In this case, the IO threads wait on file descriptor events through read or poll system calls. Of course, this mechanism is costly in terms of performance since waking up and signaling a user-level thread from the kernel is expensive. However, because the interrupt is masked when generated, the user-thread controls unmasking and can thus arbitrarily decide when to revert to interrupt mode (for example, when an extended period of “quiet” time has passed).

Memory paging and swapping. An important role of the kernel is to handle page-faults and “swapping” memory to backing store when insufficient physical memory is available. Most operating systems use a lazy mapping strategy (demand-paged) so that virtual pages will not be mapped to physical pages until they are touched.

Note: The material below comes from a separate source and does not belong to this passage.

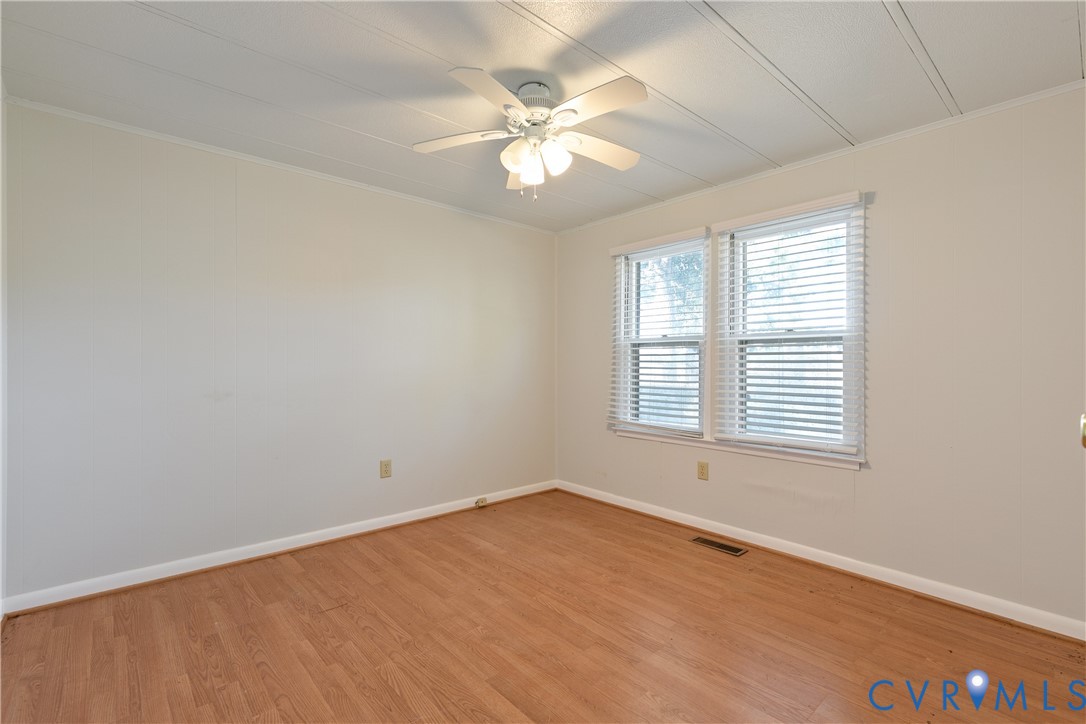Neutral-toned interior space featuring wood-finish flooring, white wall paneling, a multi-blade ceiling fan with integrated lighting, and dual windows equipped with horizontal blinds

Swapping provides an extended memory model; that is, the system presents to the application the appearance of more memory than is in the system. The mechanisms behind swapping are also used for mapped files, where a file copy shadows a region of memory. Traditionally, swapping is not heavily used because the cost of transferring pages to storage devices that are considerably slower than memory is significant.

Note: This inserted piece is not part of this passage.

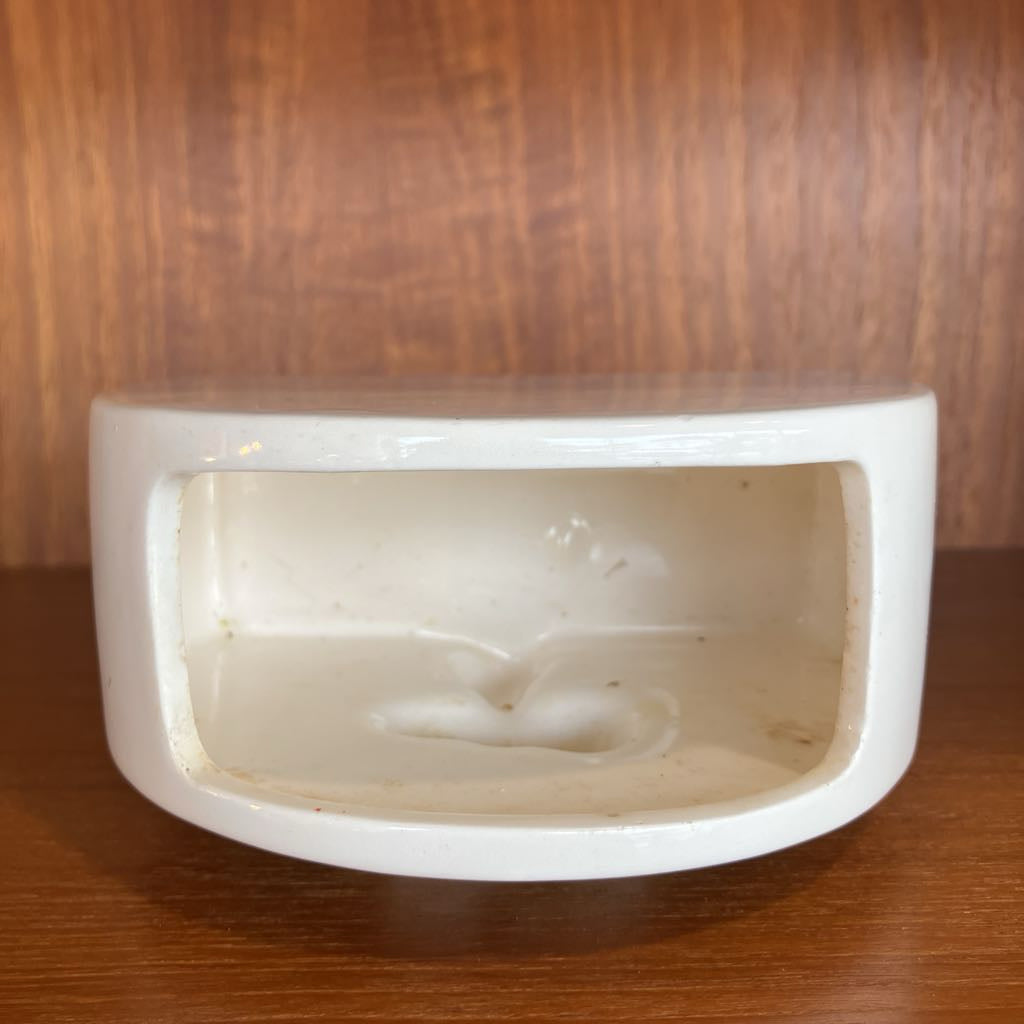 White ceramic planter with a textured surface on a wooden surface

For monolithic OS designs, page swapping is implemented in the kernel. When there is no physical page mapping for a virtual address (that is, there is no page table entry), the CPU generates a page-fault. In the Intel x86 architecture, this is realized as a machine exception. The exception handler is run at a high privilege level (CPL 0) and thus remains in the kernel. When a page-fault occurs, the kernel allocates a page of memory from a pool (typically known as the page cache) and maps the page to the virtual address by updating the page table. When the physical memory pool is exhausted, the kernel must evict an existing page by writing out the content to backing store and invalidating the page table entry (effectively un-mapping the page). In Linux, the eviction policy is based on a variation of the Least Recently Used (LRU) scheme.10 This is a generalized policy aimed at working well for most workloads.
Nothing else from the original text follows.